Достоевский: призраки, фобии, химеры (заметки читателя).
Шрифт:
Остановимся теперь на фразе из личного письма Достоевского Ковнеру: «Я же все мои 50 лет жизни видел, что евреи, добрые и злые, даже и за стол сесть не захотят с русским, а русский не побрезгует сесть с ними». Ну, во-первых, Достоевский вряд ли так близко общался с евреями, чтобы приходить к каким-то застольным выводам. Во-вторых, вероятно будет уместно напомнить слова Достоевского о том, что все мусульмане-каторжники «с любопытством, а вместе и с некоторым омерзением смотрели на пьяный народ» («Записки из Мертвого дома»). Таким образом, не только верующие евреи, но и мусульмане «за стол не захотят сесть с русскими», и это понятно: застолье и в иудаизме, и в мусульманстве регулирует религиозный закон (соответственно — «кошер» и «халяль»), и последователи этих религий всегда будут избегать общей трапезы со всеядными христианами, и если при них, например, будут есть свинину, то они непременно будут «смотреть с омерзением», «потому что у них вера такая».

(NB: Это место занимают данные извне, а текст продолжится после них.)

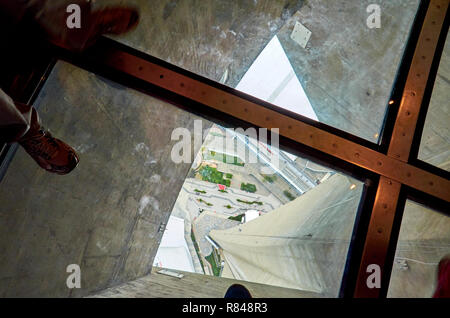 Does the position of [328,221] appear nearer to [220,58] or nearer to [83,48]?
[220,58]

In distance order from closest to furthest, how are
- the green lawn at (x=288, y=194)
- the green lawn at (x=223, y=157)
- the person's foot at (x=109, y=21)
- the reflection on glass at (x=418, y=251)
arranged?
the person's foot at (x=109, y=21) < the reflection on glass at (x=418, y=251) < the green lawn at (x=223, y=157) < the green lawn at (x=288, y=194)

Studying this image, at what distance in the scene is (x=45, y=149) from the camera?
6.07 ft

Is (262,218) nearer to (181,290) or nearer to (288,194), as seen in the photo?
(288,194)

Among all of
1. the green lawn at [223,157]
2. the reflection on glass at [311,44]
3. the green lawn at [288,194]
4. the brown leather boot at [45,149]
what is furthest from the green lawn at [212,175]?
the brown leather boot at [45,149]

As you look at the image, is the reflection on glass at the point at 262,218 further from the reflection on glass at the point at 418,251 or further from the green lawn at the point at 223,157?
the reflection on glass at the point at 418,251

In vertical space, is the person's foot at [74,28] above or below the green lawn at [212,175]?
below

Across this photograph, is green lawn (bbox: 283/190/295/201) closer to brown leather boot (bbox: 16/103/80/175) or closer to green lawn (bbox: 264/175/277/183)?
green lawn (bbox: 264/175/277/183)

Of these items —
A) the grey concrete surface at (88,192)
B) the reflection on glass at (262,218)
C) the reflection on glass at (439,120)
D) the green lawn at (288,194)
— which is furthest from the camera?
the green lawn at (288,194)

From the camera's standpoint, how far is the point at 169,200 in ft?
16.5

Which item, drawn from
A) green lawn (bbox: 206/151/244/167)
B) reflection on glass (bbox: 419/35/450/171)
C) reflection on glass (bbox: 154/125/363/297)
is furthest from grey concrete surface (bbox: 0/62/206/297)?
green lawn (bbox: 206/151/244/167)

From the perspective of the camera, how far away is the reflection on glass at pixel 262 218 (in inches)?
143

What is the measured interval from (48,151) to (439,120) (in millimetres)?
4534

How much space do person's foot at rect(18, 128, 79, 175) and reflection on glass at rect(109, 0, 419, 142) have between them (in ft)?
5.64

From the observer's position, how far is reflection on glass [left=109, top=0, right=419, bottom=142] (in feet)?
12.7
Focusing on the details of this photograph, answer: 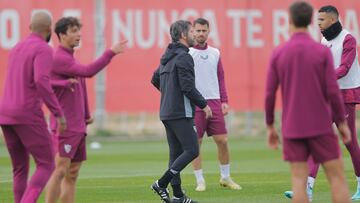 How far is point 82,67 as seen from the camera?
33.7 feet

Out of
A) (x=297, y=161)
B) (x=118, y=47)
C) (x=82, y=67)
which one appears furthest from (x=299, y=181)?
(x=82, y=67)

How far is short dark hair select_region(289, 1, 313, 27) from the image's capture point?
913 centimetres

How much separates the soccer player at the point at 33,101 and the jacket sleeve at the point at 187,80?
7.49ft

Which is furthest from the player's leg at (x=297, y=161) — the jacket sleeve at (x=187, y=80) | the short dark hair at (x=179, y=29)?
the short dark hair at (x=179, y=29)

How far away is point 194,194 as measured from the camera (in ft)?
44.7

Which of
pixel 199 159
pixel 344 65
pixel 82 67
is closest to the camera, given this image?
pixel 82 67

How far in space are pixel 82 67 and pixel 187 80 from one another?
2.17m

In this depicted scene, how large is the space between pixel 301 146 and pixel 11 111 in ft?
9.64

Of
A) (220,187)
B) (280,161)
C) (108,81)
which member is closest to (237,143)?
(108,81)

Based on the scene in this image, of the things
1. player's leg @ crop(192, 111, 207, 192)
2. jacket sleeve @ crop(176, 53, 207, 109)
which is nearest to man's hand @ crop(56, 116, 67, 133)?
jacket sleeve @ crop(176, 53, 207, 109)

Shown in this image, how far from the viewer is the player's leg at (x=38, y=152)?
10.2 metres

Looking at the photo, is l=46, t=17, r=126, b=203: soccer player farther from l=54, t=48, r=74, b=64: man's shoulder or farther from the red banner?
the red banner

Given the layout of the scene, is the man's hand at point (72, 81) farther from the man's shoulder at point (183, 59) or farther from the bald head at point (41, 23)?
the man's shoulder at point (183, 59)

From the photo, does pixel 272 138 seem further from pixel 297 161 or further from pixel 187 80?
pixel 187 80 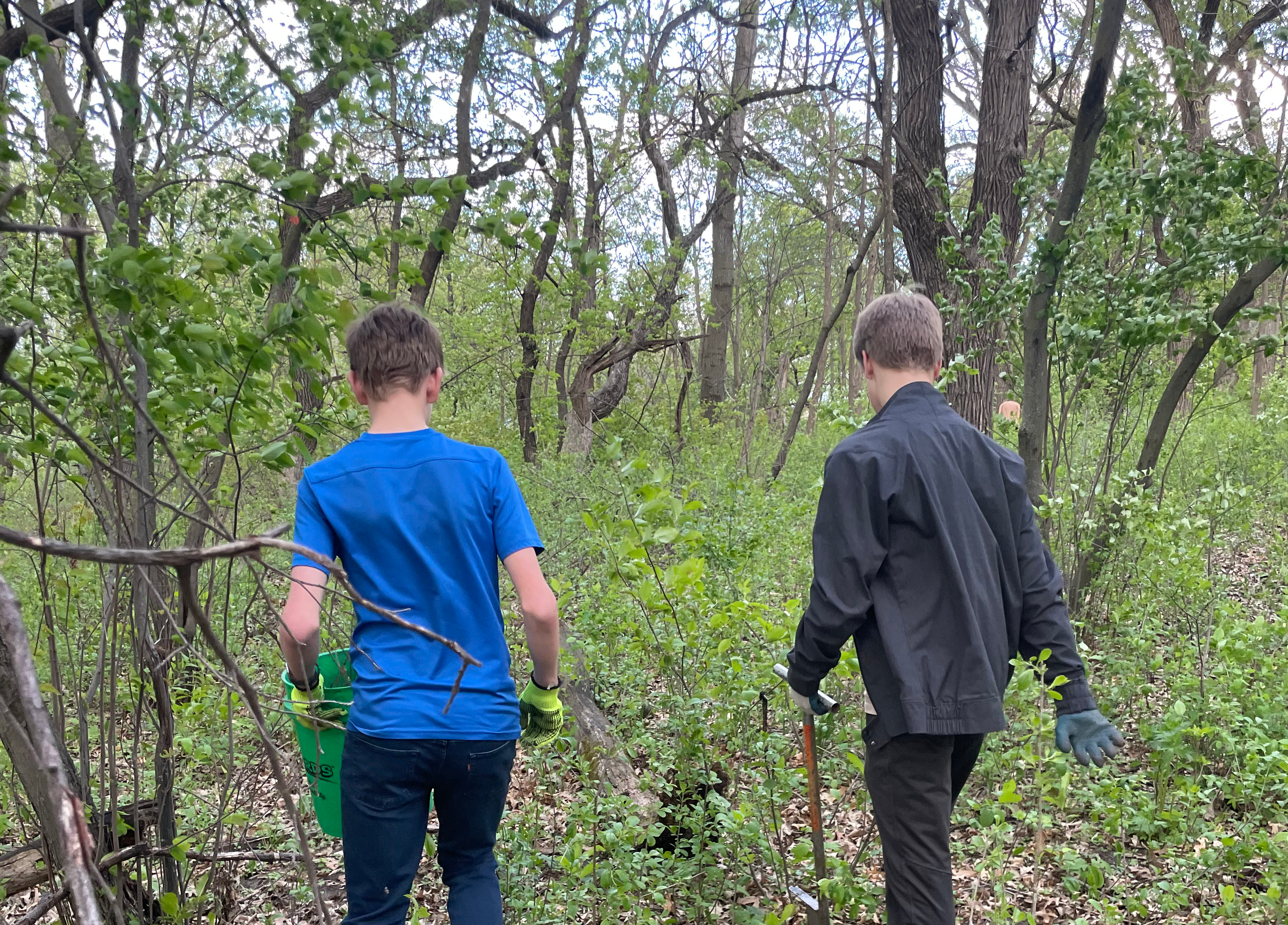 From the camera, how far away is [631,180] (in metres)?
12.4

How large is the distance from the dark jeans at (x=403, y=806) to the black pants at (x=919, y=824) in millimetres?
952

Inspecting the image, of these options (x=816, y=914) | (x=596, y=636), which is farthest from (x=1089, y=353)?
(x=816, y=914)

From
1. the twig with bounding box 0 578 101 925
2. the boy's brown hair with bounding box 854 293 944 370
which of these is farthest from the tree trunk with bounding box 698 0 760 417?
the twig with bounding box 0 578 101 925

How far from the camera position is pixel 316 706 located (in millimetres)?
2084

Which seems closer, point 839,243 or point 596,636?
point 596,636

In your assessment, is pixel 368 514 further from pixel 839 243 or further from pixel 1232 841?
pixel 839 243

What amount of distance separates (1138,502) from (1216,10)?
12.2ft

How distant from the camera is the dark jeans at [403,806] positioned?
1893mm

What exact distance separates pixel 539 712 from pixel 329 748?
520 millimetres

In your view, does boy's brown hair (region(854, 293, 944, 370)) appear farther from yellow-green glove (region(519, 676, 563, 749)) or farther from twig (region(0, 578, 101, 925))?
twig (region(0, 578, 101, 925))

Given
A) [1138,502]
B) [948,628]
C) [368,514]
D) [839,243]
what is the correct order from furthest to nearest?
[839,243]
[1138,502]
[948,628]
[368,514]

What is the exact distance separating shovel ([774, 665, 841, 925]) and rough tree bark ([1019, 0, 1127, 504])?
5.77ft

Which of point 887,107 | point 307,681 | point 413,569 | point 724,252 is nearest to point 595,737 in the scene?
point 307,681

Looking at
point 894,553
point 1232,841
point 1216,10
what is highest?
point 1216,10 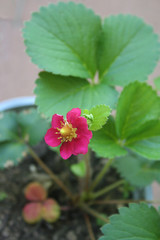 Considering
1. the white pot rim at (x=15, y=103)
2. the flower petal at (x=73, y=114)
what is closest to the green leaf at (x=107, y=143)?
the flower petal at (x=73, y=114)

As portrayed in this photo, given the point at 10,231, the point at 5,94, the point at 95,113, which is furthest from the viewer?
the point at 5,94

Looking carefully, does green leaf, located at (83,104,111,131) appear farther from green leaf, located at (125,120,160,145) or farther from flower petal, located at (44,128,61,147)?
green leaf, located at (125,120,160,145)

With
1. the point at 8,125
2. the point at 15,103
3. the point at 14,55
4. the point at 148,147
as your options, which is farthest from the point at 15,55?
the point at 148,147

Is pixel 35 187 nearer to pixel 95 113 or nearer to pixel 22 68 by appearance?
pixel 95 113

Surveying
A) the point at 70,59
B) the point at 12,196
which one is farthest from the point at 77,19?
the point at 12,196

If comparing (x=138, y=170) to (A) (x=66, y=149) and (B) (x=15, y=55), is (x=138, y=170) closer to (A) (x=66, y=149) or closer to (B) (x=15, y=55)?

Особое негодование Достоевского
«Неужели творящая сила вселенной, или Бог, так-таки интересуется ничтожными людскими помыслами, народами, даже целыми планетами? Вы скажете, что человек имеет искру Божию, поэтому он стоит выше всех? Но сколько этих людей? Буквально капля в море. Вы должны сказать, что из 80 миллионов облюбованного вами русского народа, в котором думаете находить лекарство, положительно 60 миллионов живут буквально животною жизнью, не имея никакого разумного понятия ни о Боге, ни о Христе, ни о душе, ни о бессмертии ее…»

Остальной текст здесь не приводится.